Segment Open

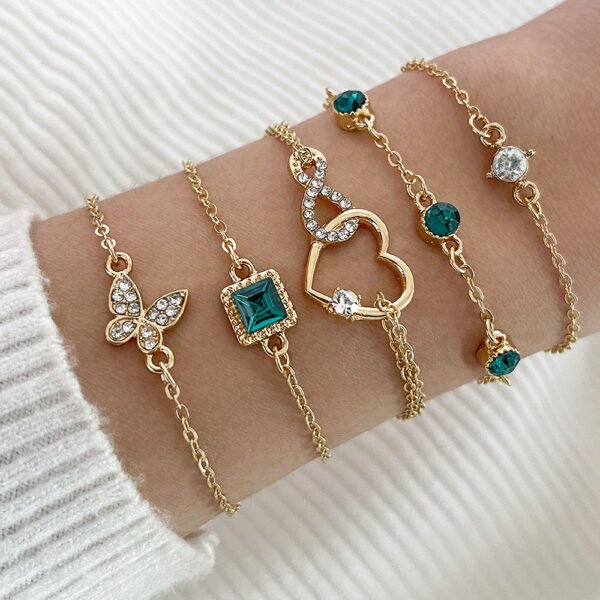 Bohemian 5pc Green Crystal Bracelets Jewelry Set For Women Heart Bracelet Wedding Engagement Bracelet Fashion Jewelry - Image 7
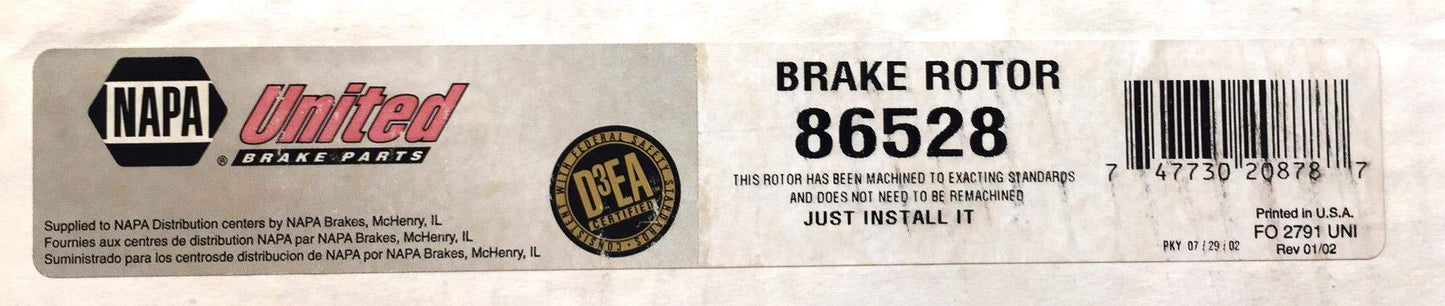 Napa United Brake Rotor 86528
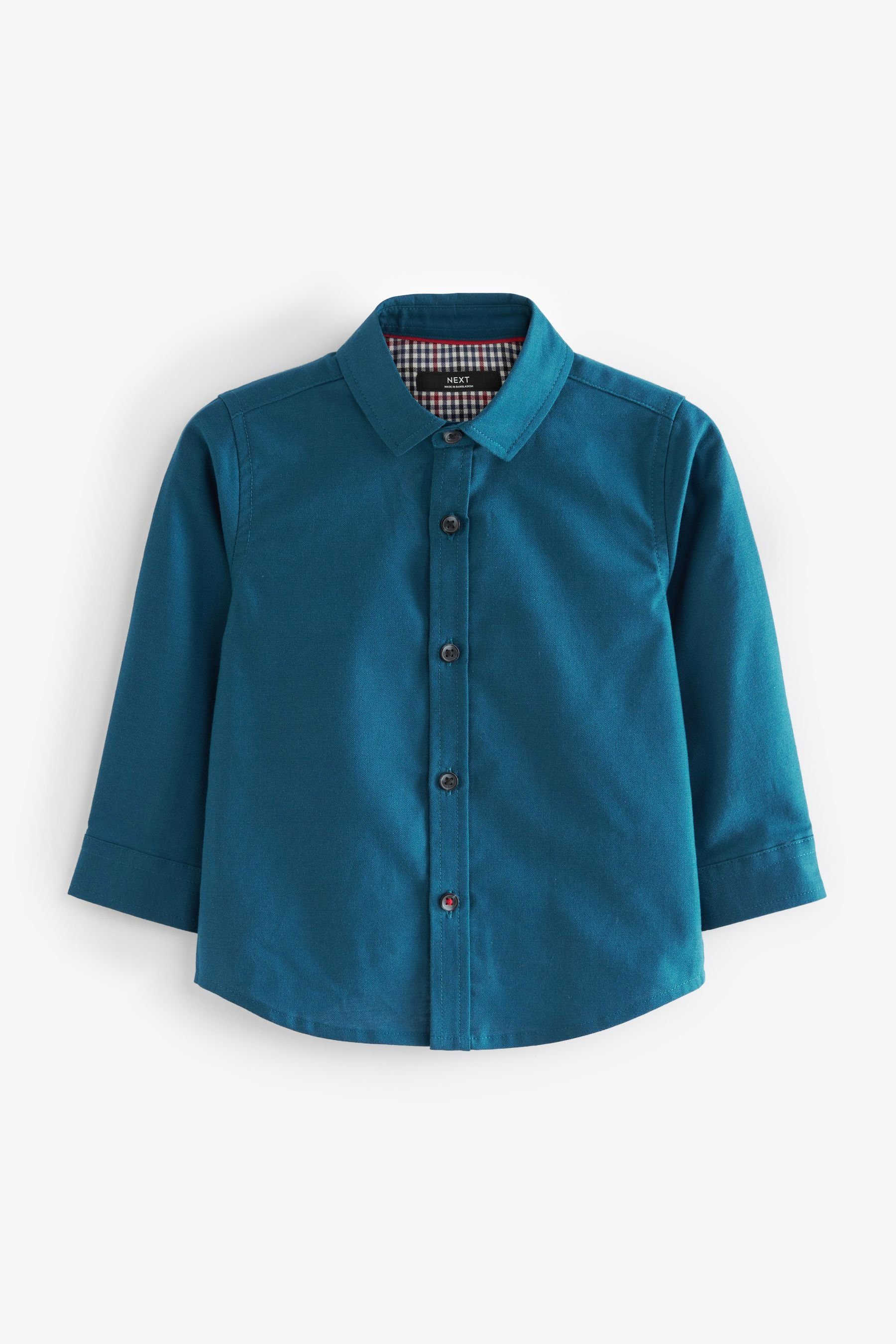 Next Langarmhemd Langärmeliges Oxfordhemd mit Besätzen (1-tlg) Teal Blue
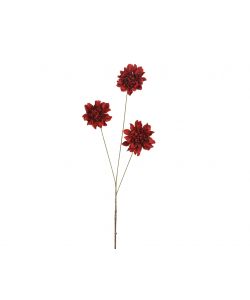 Stelo Dahlia Fiore Decorativo Rosso H 70 cm in Velluto di Poliestere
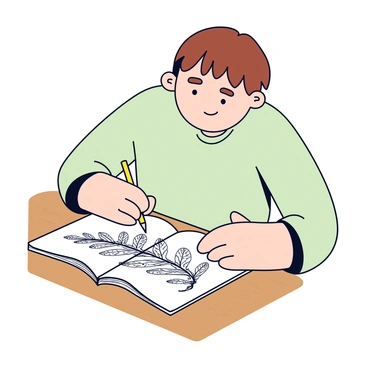 An artist is sitting at a wooden table, focused on sketching. The artist has short brown hair and is wearing a light green shirt. They are holding a pencil in their right hand. A large, detailed drawing of a fern leaf is taking shape in a notebook open in front of them. The fern leaf is intricately drawn, displaying the delicate fronds and intricate patterns. The notebook is white with a simple black cover. The table surface is smooth and has an unfinished wood texture.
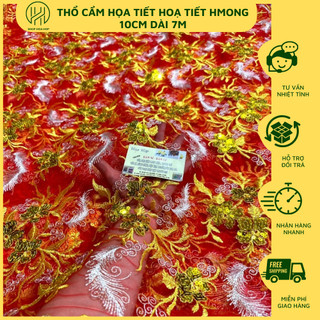 Vải ren thêu hoa kim sa, vải kim sa 1 mét, phụ kiện trang trí, đồ làm thủ công, làm trang phục, khăn trải bàn
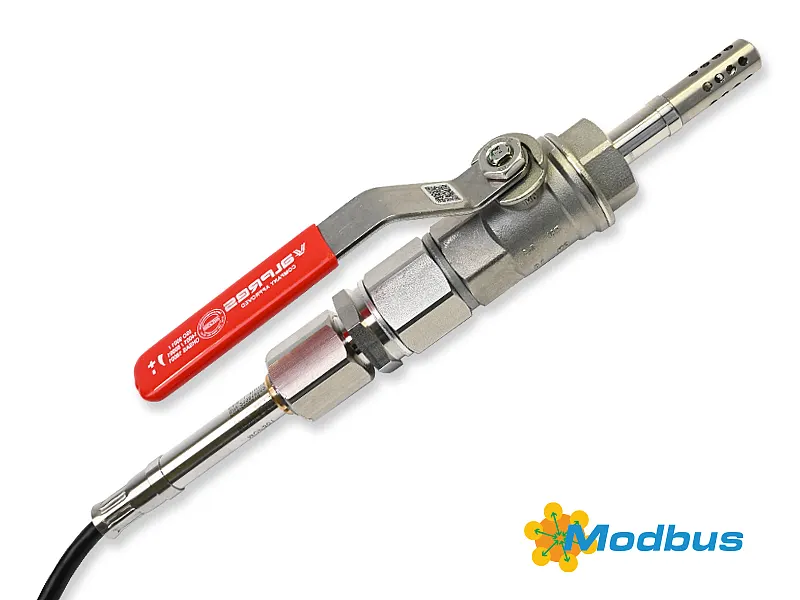 MOP301 probe for moisture in oil with the optional ball valve pressure tight up to 20 bar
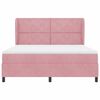 vidaXL Cama Box com colch&atilde;o com cabeceira Rosa 200 x 180 cm Poli&eacute;ster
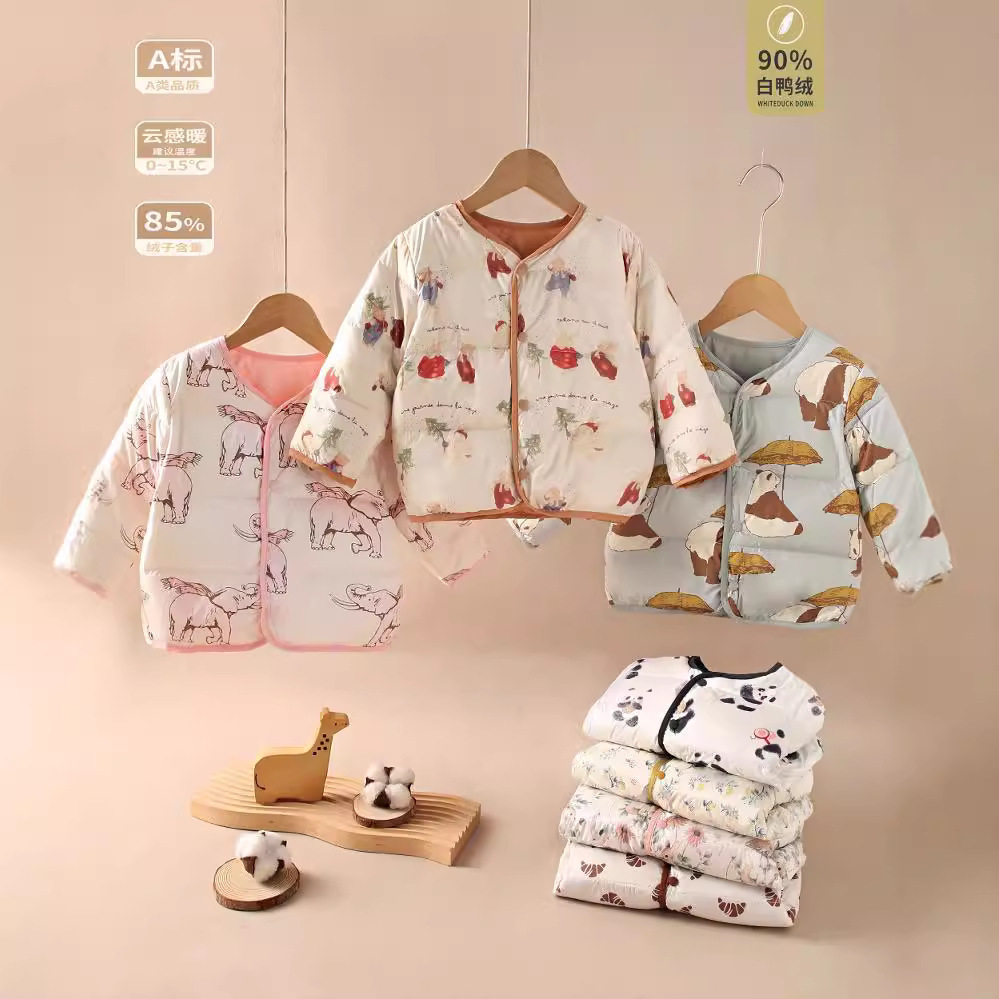 90 White Duck down Type a Infant and Toddler Winter Light down Jacket Long-Sleeved School Uniform with Kidsren's down Jacket Liner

Segment Closed

What you will do: Starting at the line that holds "MOP301 probe for", print each line through the last one of the entries above, exactly and with both ends included; no pictures.

Exercise response:
 MOP301 probe for moisture in oil with the optional ball valve pressure tight up to 20 bar
 vidaXL Cama Box com colch&atilde;o com cabeceira Rosa 200 x 180 cm Poli&eacute;ster
 90 White Duck down Type a Infant and Toddler Winter Light down Jacket Long-Sleeved School Uniform with Kidsren's down Jacket Liner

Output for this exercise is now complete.